Hopefully I’ve convinced you to give YA a shot. Now let’s figure out how should you use YA to improve your German.

Highlight new words

“Intermediate” fluency is tricky. If you’re on the CEFR levels B1 or B2 (or even higher), your first full-length novel in German may contain hundreds of words you’ve never seen before. Despite this, you may find yourself having no trouble understanding the gist of things. This is because you’re being presented new words in context. You may not know the word Eule, but when it’s in a sentence about Harry Potter putting Hedwig in her cage, you can assume it means “owl.”

So what to do?

There are a few useful vocabulary strategies you can use at this point to make sure you really commit the word Eule to memory. Keeping a vocabulary notebook, creating physical flashcards or using a study app such as Anki are all ways to keep practicing new words on your own. You can even create your own flashcard decks from the new words you encounter in your readings!
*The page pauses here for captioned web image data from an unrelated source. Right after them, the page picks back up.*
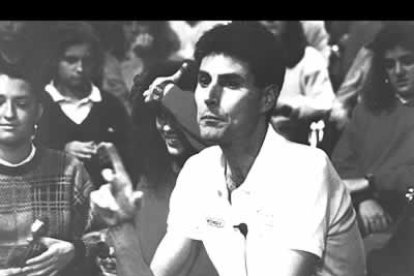 El fenómeno televisivo del momento en España era Uri Geller, la mágica facilidad con la que doblaba metales le hizo famoso en todo el mundo.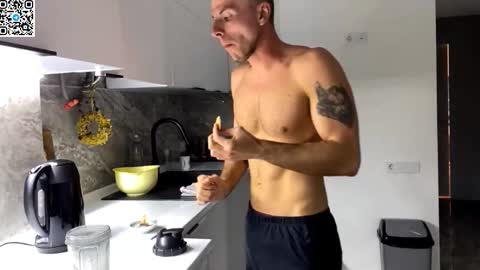 Alex online show from 12/03/25, 09:57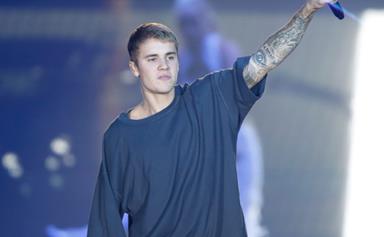 Justin Bieber gets mad at fans, storms off stage mid-concert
But don’t get hung up on every new word

If you highlight and translate every single new word, you’ll never make it through the book. Narrow it down as follows.

First, if you simply cannot understand a scene because there are too many incomprehensible words, then it’s dictionary time. Context can only help you figure out new words if you understand the context.

Second, if a new word or phrase is critical to a scene or the overall story, copy it down even if it seems clear in context. My next study strategy will explain why.

Keep a reading log or discuss with a partner

Reading can be a very passive activity. By keeping a reading log summarizing what you’ve read—auf Deutsch, natürlich—or by talking to someone about it, you bring yourself into a more active understanding of the text and its vocabulary.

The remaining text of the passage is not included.